S&P Global Ratings said it lowered the debt ratings on Equinox Holdings Inc. due to plans to issue an unrated $150 million first-lien B-2 term loan due 2024.

The rating agency said the new issue will have the same terms and will be pari passu with its existing first-lien facility (consisting of a $150 million revolver due 2022 and a $1.025 billion B-1 term loan due 2024).

As a result, S&P said recovery prospects are lowered for existing first-lien lenders under its recovery analysis because of the incremental first-lien debt in the capital structure, and S&P is revising its recovery rating on the company’s existing first-lien revolver and term loan to ‘3’ from ‘2’. The ‘3’ recovery rating reflects 50 percent to 70 percent recovery prospects (round estimate: 65 percent) under S&P’s default assumptions. As a result, the rating agency said it is lowering its issue-level rating on the first-lien revolver and term loan to ‘CCC’ from ‘CCC+’.

S&P added, “In addition, our ‘CCC’ issuer credit rating and negative outlook are unchanged. We stated on May 28, 2020 that Equinox had cash on hand at the end of the first-quarter 2020 in March of $183 million and $140 million drawn on the company’s $150 million revolver and that this level of cash may be less than adequate to cover the anticipated cash burn over the next few months. While the new term loan proceeds add liquidity, under our current base case the incremental cash may cover a few additional months of cash burn. It is our understanding that Equinox has reopened clubs in Texas, Vancouver, and Florida but not the large majority of clubs on the east and west coasts primarily in New York and California. While clubs are closed, we have assumed anticipated cash needs include primarily debt service and significantly reduced labor costs.

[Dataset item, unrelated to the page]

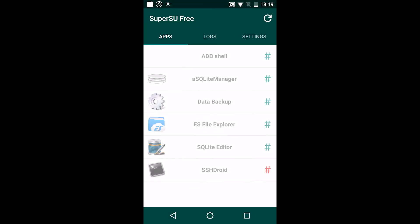If you see the app data backup in this list, everything is okay. You can go to your account and see WhatsApp or Viber data.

Even if all clubs reopen in the third quarter, depending on how quickly revenue recovers, Equinox may continue to burn cash for several months after clubs reopen while it brings its employees back from furloughs, pays vendors (including rent) to remain current and brings facilities back online.

“In addition, it is our understanding that Equinox has entered into an agreement with an affiliate, also controlled by Related Companies, whereby the affiliate will contribute up to $125 million of cash equity to cover Equinox’s partial guarantee of SoulCycle’s credit facility. The guarantee requires Equinox to purchase the higher of $72.8 million of SoulCycle’s debt, or the amount necessary to reduce SoulCycle’s leverage, to 5x in any quarter ending before the February 15, 2021, payment due date. The SoulCycle credit facility totals $265 million, and it is unclear to us at this time whether the cash equity contribution would cover the full guarantee payment obligation owed by Equinox when it becomes due February 15, 2021, which may present an additional use of Equinox’s liquidity at that time. If the equity contribution does not cover the full guarantee payment, depending on the company’s liquidity position at that time, we would view any further deferrals beyond February 15, 2021 as tantamount to a default.”